Silence was my only option
When women stay quiet—when they don’t speak their truth, when they don’t push back against injustice—they become easier to dismiss. Easier to ignore. Easier to paint as overdramatic, unstable, or unreliable. Their silence becomes ammunition for those who would rather keep them powerless.
It’s why so many abusers, systems, and even well-meaning people encourage women to “move on” rather than speak out—because a quiet woman doesn’t disrupt the status quo. A quiet woman doesn’t make people uncomfortable. A quiet woman doesn’t demand justice.
But a woman who refuses to be quiet makes it impossible to look away.
And that kind of power terrifies.
I don’t remember a lot of those years. I don’t know if I blocked them out or if survival demanded I stop feeling long enough to stay upright.
But I wrote.
• On scraps of paper.
• In journals tucked away in moving boxes.
• In late-night messages I never sent.
I wrote when I couldn’t speak. I wrote because writing was proof that I existed outside of the hell I was living in.
I found an old journal the other day—one from over a decade ago. The words don’t sound like me. They sound like a girl still trying to make herself small enough to fit into the life she was handed.
A girl who apologized too much.
Who second-guessed herself even when she carried the truth like a weapon.
Who thought maybe if she endured a little longer, things would get better.
They didn’t.
A time of stuffed unicorns, dinosaurs ruling the house, and Santa threats that got rooms cleaned faster than anything else ever could.
Unicorn. That was her safe word.
The one her therapist helped her come up with.
She’d call me on overnight visits, and four words in, her voice would crack.
“Unicorn, Mama.”
And I knew there was nothing I could do.
Direct quote from my attorney:
“The worst-case scenario is the best-case long-term to make sure she’s safe.”
So I sent my little girl into the fire…
And I prayed the flames that burned her wouldn’t consume her.
I stood at the shore, refusing to let the raging waves of courtrooms and custody battles crash into the walls where my daughters slept.
I was their shield.
But I was drowning.

Breaking Cycles
I don’t share this now as a tell-all.
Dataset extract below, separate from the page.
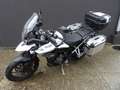 Triumph Tiger 900 Blanc - thumbnail 3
There are pieces of this story that will never be told—some because they don’t have words, and some because they don’t need to be spoken to be known.
This isn’t about revenge. It’s not about gossip. It’s about what happens when the truth is locked away for so long that it starts to rot inside you.
It’s about waking up one day and fearing this life will ever become hers.
This is about making sure the thing that held me for so many years never comes for the girls I spent those same years trying to protect.
Make no mistake—this isn’t just about speaking the truth.
It’s about breaking the cycle so it never has to be spoken again.
I think about my mom. My grandmothers. The things they never spoke about.
I wonder how different life could have been if they had shared their stories.
If someone had told them their pain wasn’t something to be ashamed of.
That their silence wasn’t proof of strength—it was proof of a world that wasn’t ready to hear them.
I started healing without knowing that healing would be the most painful thing I’d ever do.
And now, I’m four months sober.
Four months of living—really living—and feeling life exactly as it is.
Without numbing. Without shrinking. Without running.
The Fire & The Flood

There’s a moment when the battle ends, but your body doesn’t know it yet.
You still flinch at shadows.
Brace for impact.
Carry armor you no longer need.
For years, fight or flight was my only state.
Every decision felt like a fire I had to run through, and the flames took pieces of me on the way out.
And then, one day, I wasn’t running anymore.
The papers were signed. The case was closed. And for the first time in years, my life wasn’t an active warzone.
I was supposed to feel relief. Safety. A deep exhale.
But I didn’t.
Because when you’ve lived in the fire, rest feels like a death you don’t trust.
I spent so many years gripping onto survival that I didn’t know how to unclench my fists.
I was exhausted, but I didn’t know how to sleep.
I was safe, but my body still flinched at things that weren’t there.
What do you do when the fight-or-flight instincts that once saved you won’t let you go?
That’s where I was when the flood came.

No one tells you that healing doesn’t arrive in a clean arc. It doesn’t show up when you’re ready. It doesn’t knock first.
It just crashes in, uninvited, like a flood that takes your footing out from under you.
One day, I was standing. The next, I wasn’t.
I thought I was weak.
I thought I was failing.
But what I was really doing—what I couldn’t see yet—was rebuilding.
Because before anything new can be built, the wreckage has to be cleared.
And so, the flood did what the fire couldn’t:
It took me under.
Pulled me apart.
Made me stay in the grief I had spent years outrunning.
But it also made space.
For something softer.
For something new.
For something worth staying for.

Now, I drink my coffee on the porch of a house that feels like home—no court dates on the horizon, no battles to brace for, no nightmares waiting in the dark.
Just morning light, laughter, and the quiet kind of safety I once thought was impossible.
Now, I write from that place.
Not from the fire.
Not from the flood.
But from the space after.
survival is where the story starts, not where it ends
And for the first time in a long time, I get to decide what comes next.
Maybe healing isn’t about letting go of the fire. Maybe it’s about learning how to harness it.
I spent years without a voice, and I refuse to shrink it down just to put others at ease.
Because my daughters will never doubt that their voices—fierce, unshaken, unapologetic—are their birthright.
This fire is no longer just mine.
It’s my daughter’s starting line.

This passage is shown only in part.